Verstehen kann Peter Thier, Sprecher von Austrian seinen dänischen Kollegen auf KURIER-Anfrage überhaupt nicht: "Das Thema Sicherheit hat einen Stellenwert, den würden wir durch gar nichts beeinflussen lassen, das hat bei uns stets Priorität. Sicherheit ist kein Wettbewerbsthema. Sicherheit muss unabhängig vom Wettbewerb immer gewährleistet sein."

Was Thier aber schon einräumt, ist, dass Kanzleien, die das schnelle Geld in der Verspätung sehen, "wie die Schwammerl aus dem Boden schießen: Das ist ein Geschäftsmodell". Austrian wäre davon aber nicht so stark betroffen wie Billigflieger oder Onlinereisebüros, denn das Unternehmen achte darauf, Fälle selbst mit dem Kunden zu schlichten. Sein Ratschlag an Passagiere: "Bei uns ist man billiger und schneller am Ziel, wenn man uns direkt schreibt, nicht einer Agentur."

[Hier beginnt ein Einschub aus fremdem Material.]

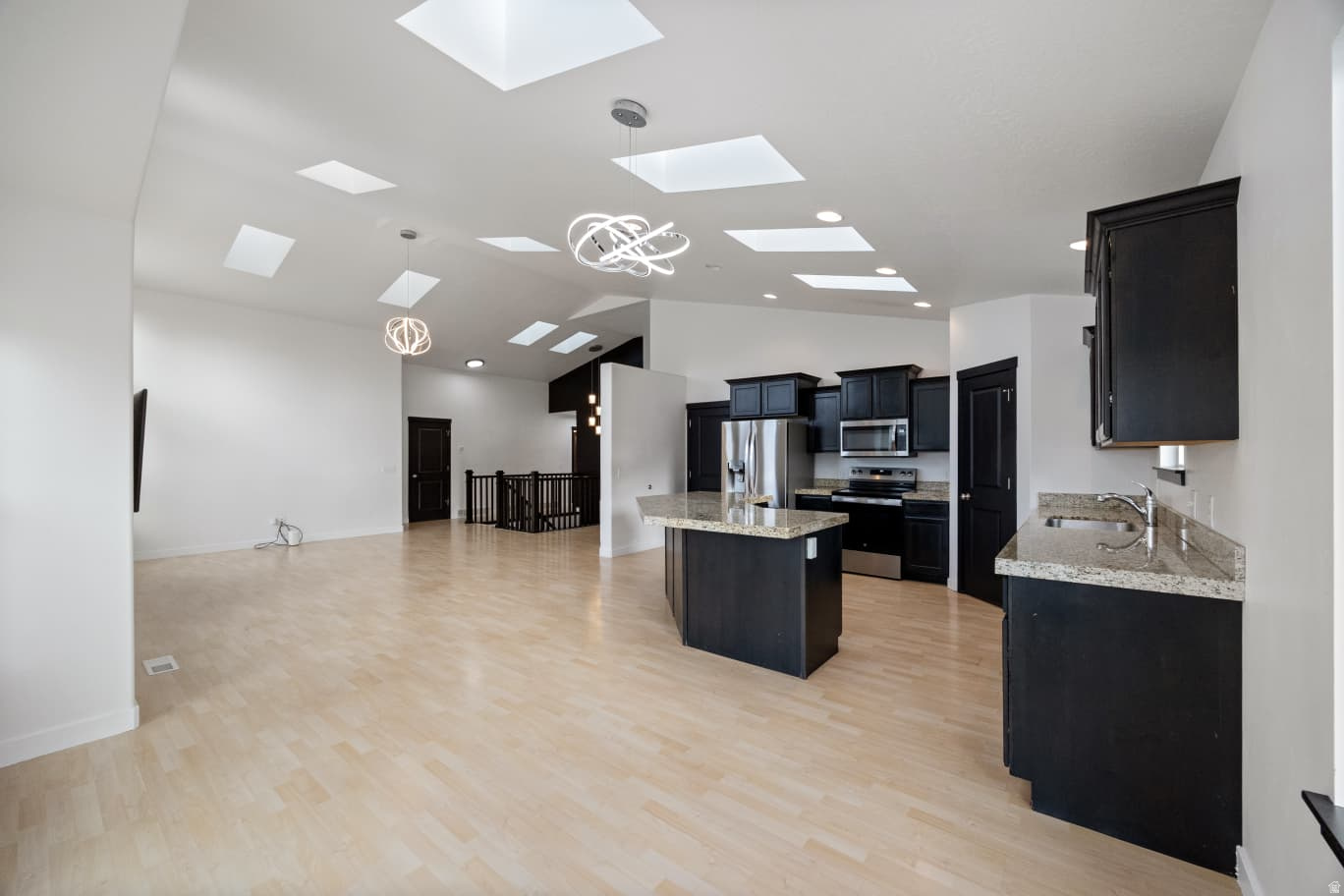 RIDGE - Residential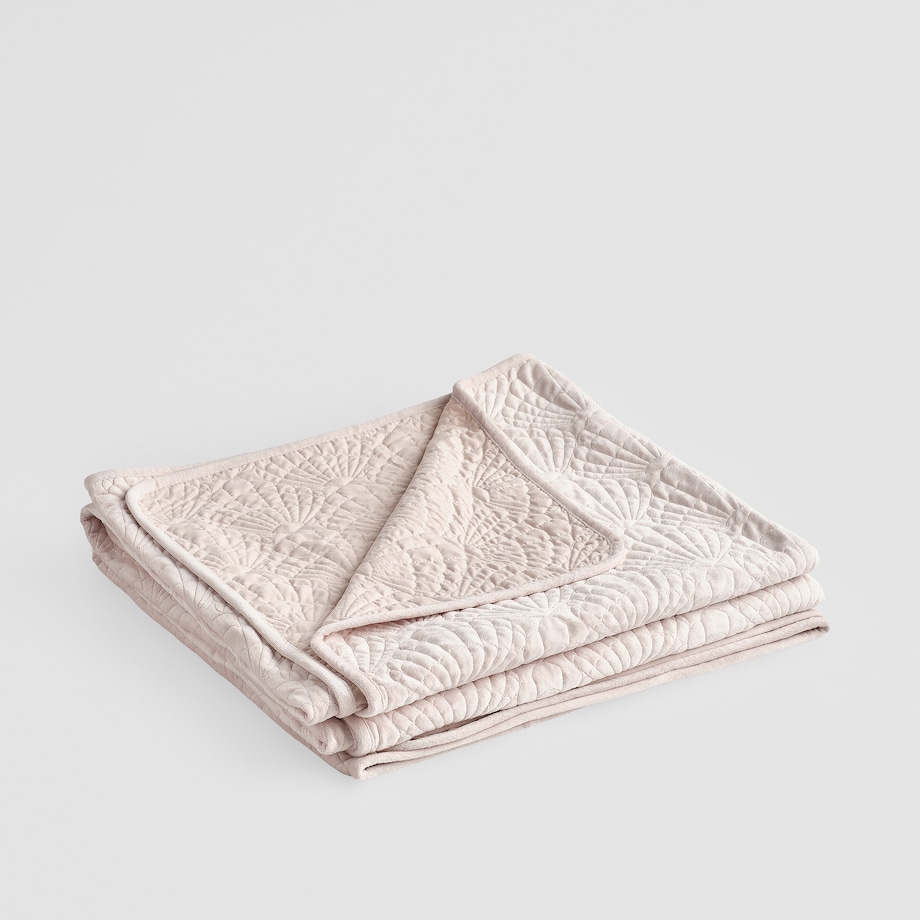 Jednokolorowa narzuta na łóżko z przeszywanym wzorem Centero 200x220 cm z motywem morskim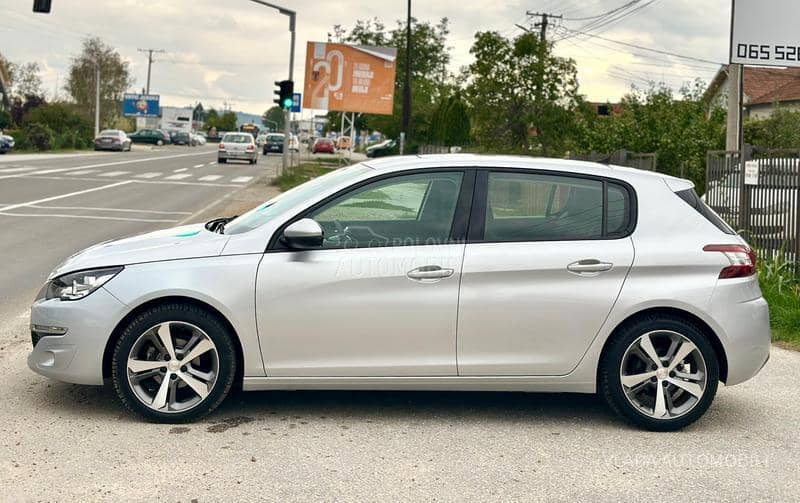 Peugeot 308 MALA KILOMETRAŽA Peugeot 308 MALA KILOMETRAŽA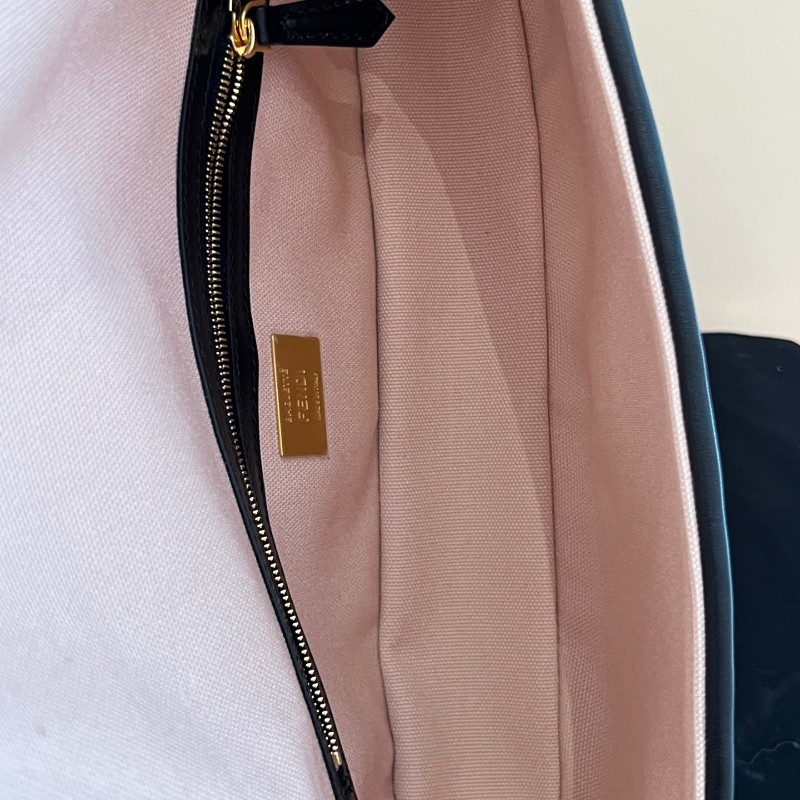 Fendi Baguette櫻花粉拼黑邊法棍包 肩背包-7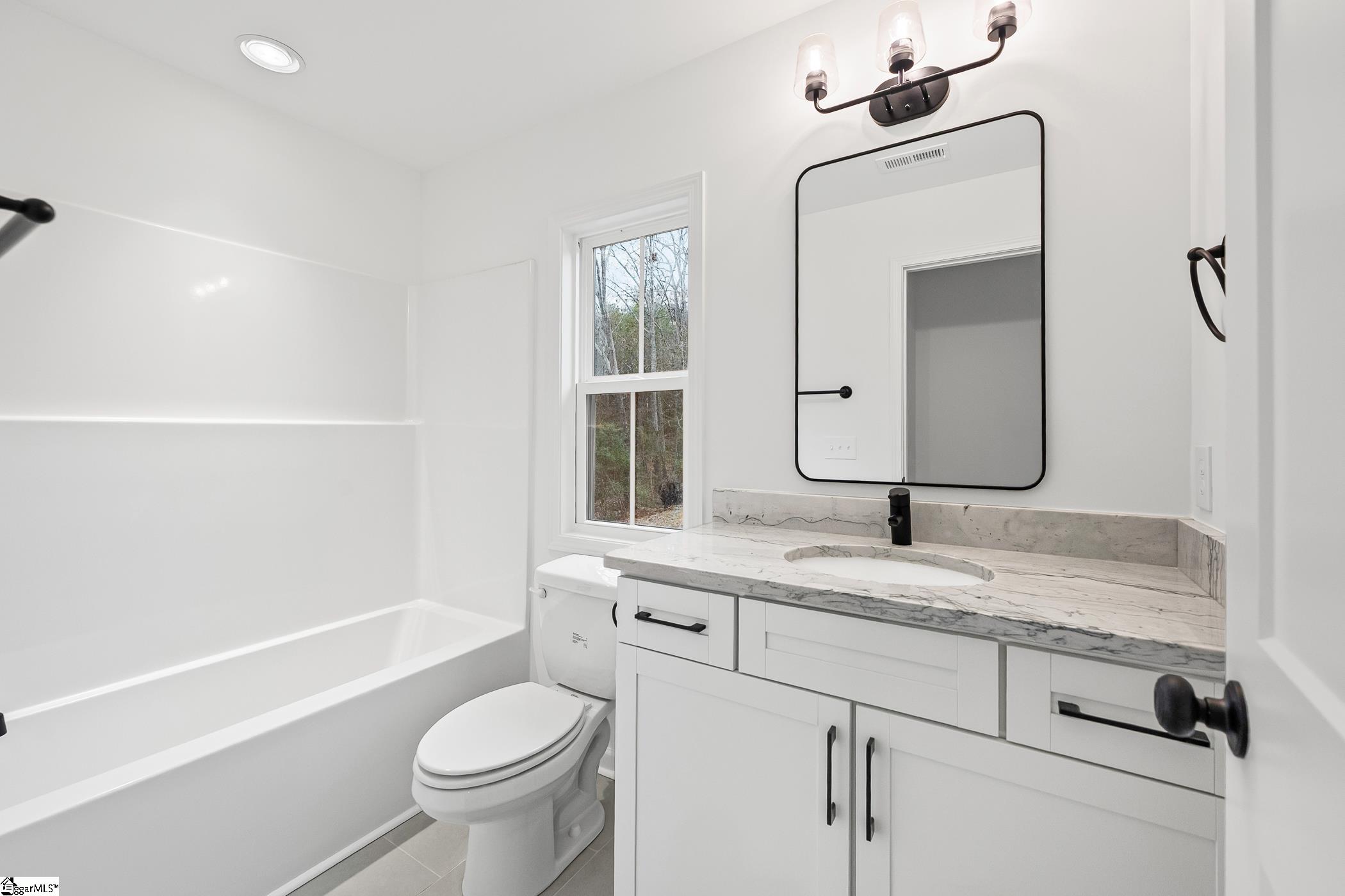 124 Guest Circle Anderson, SC 29621 - Photo 18 of 25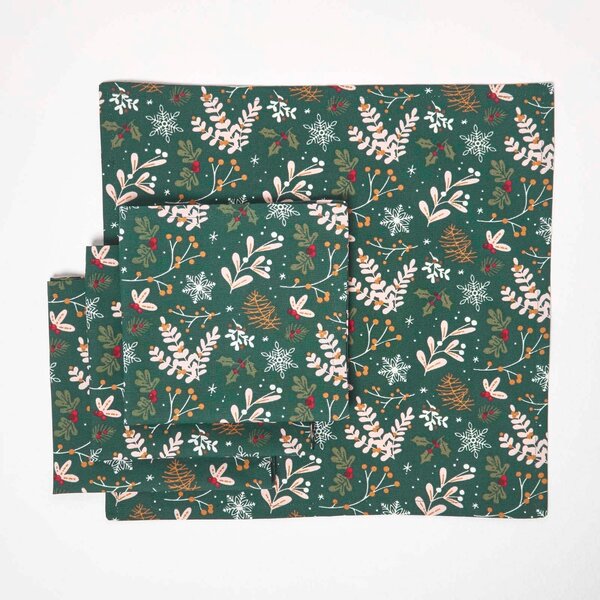 Homescapes Set of 4 Green Napkins 100% Cotton Christmas Holly Design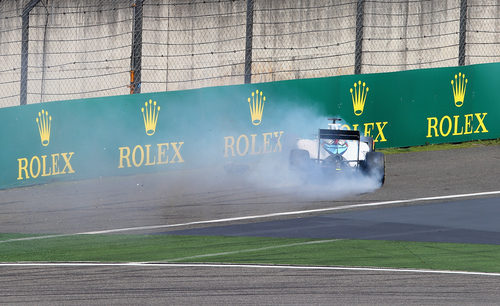 Felipe Massa pierde el control del FW37 durante los Libres 2 en Shanghai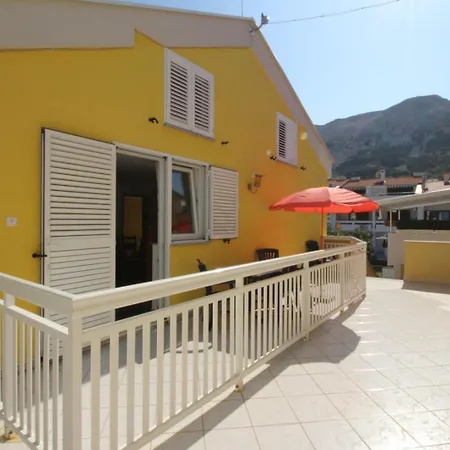 Mikulan * Baška
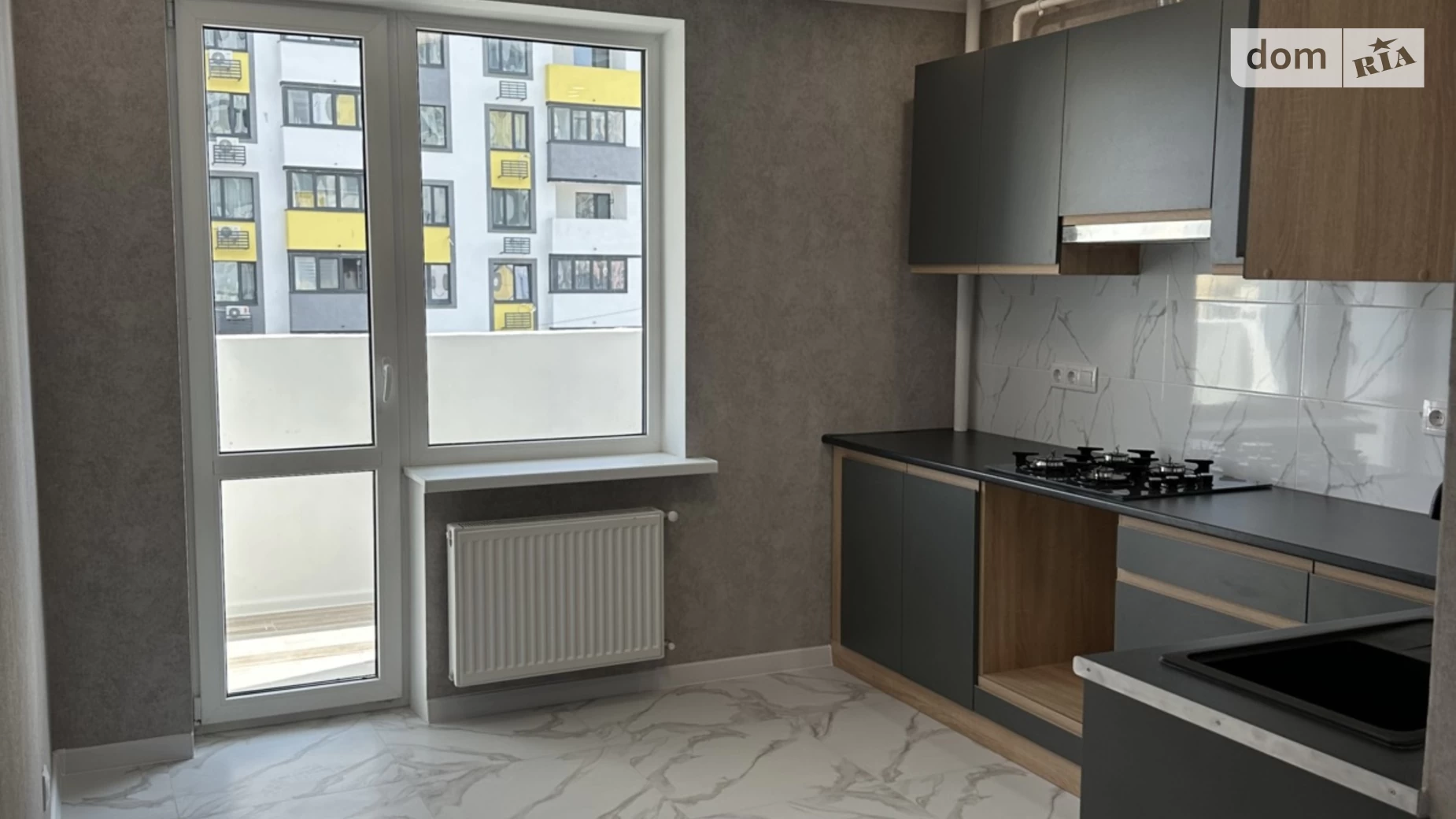 Продается 1-комнатная квартира 39 кв. м в Борисполе, ул. Банковская, 23А - фото 3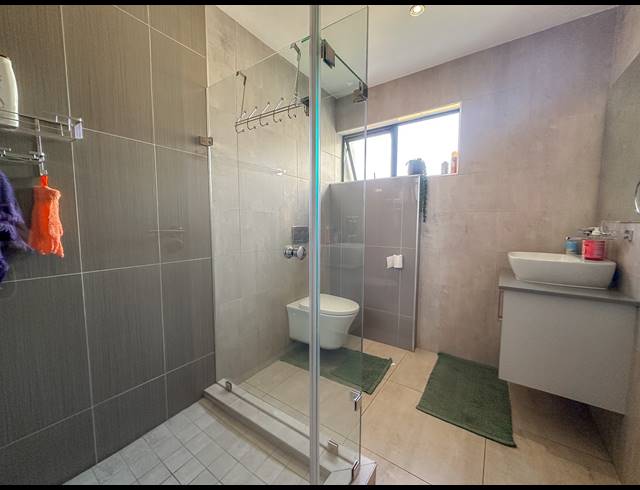 4 BEDROOM HOUSE FOR SALE IN MIDSTREAM MEADOWS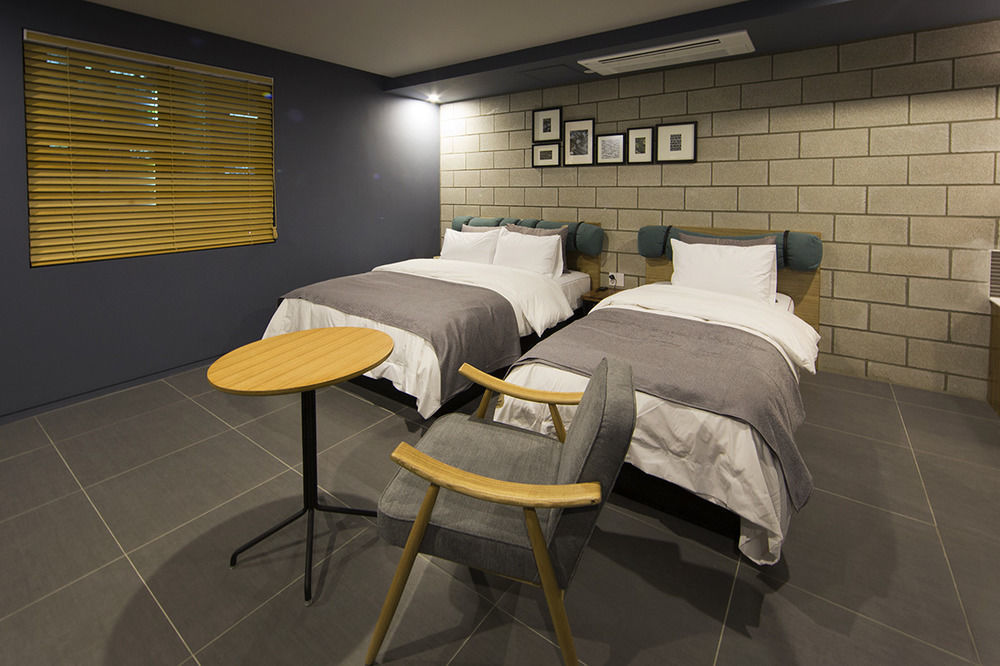 Hotel Brown Dot 金海市 外观 照片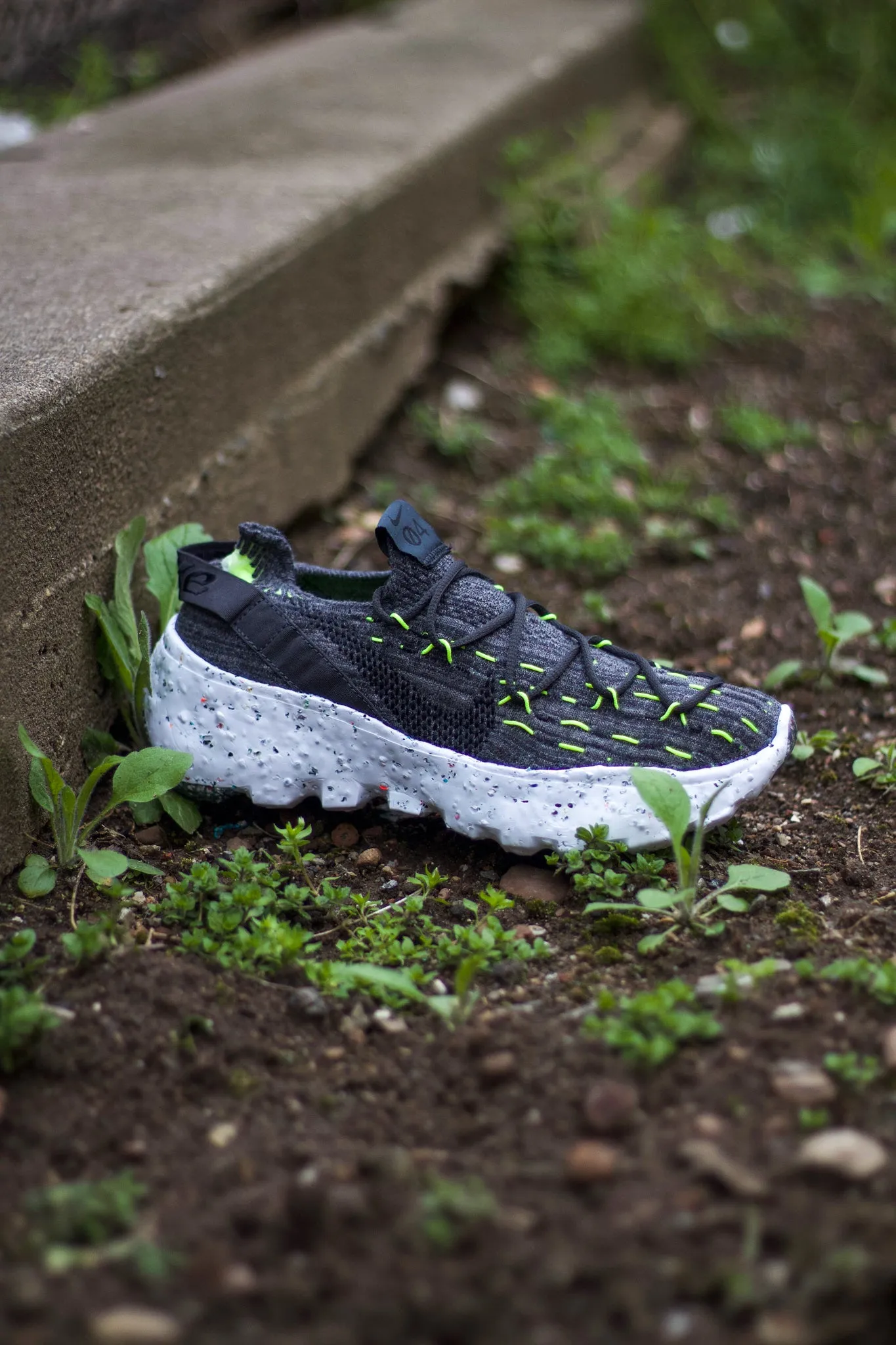 NIKE SPACE HIPPIE O4 "BLK/VOLT"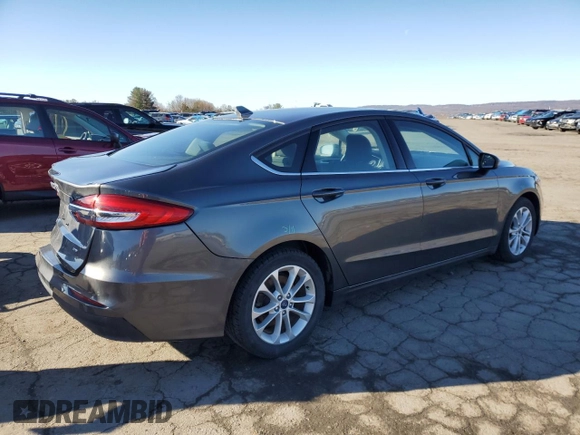 2019 Ford Fusion SE with VIN 3FA6P0H79KR123134, listed as a Copart auction lot 49226005 with 68,430 mi miles and Salvage Title. Bid and sale history available at carsss.com. Image 3.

Kompensation unverhältnismäßig?

Recht gibt dem Dänen Rungholm sein Kollege und CCO von Flybe, Roy Kinnear. Zudem kritisiert er die Gesetzeslage und beklagt gegenüber dem Portal Air Transport World: "Unser Durchschnittspreis pro Segment, inklusive Taxen, liegt bei 60 Pfund, also rund 67 Euro. Eine Kompensation von 250 bis 600 Euro pro Passagier ist deshalb völlig unverhältnismäßig." Flybe habe für 2019 im Budget 10 Millionen Pfund alleine für Kompensationszahlungen vorgesehen.

Der Dachverband IATA will den Artikel EU 261/2004 nun überarbeitet haben. Er kritisiert, dass die Kompensation oftmals den Ticketpreis übersteigt und dass nationale Gerichte die Auslegung von EU 261/2004 individuell interpretiert haben, was zu einer unsicheren Rechtslage geführt habe.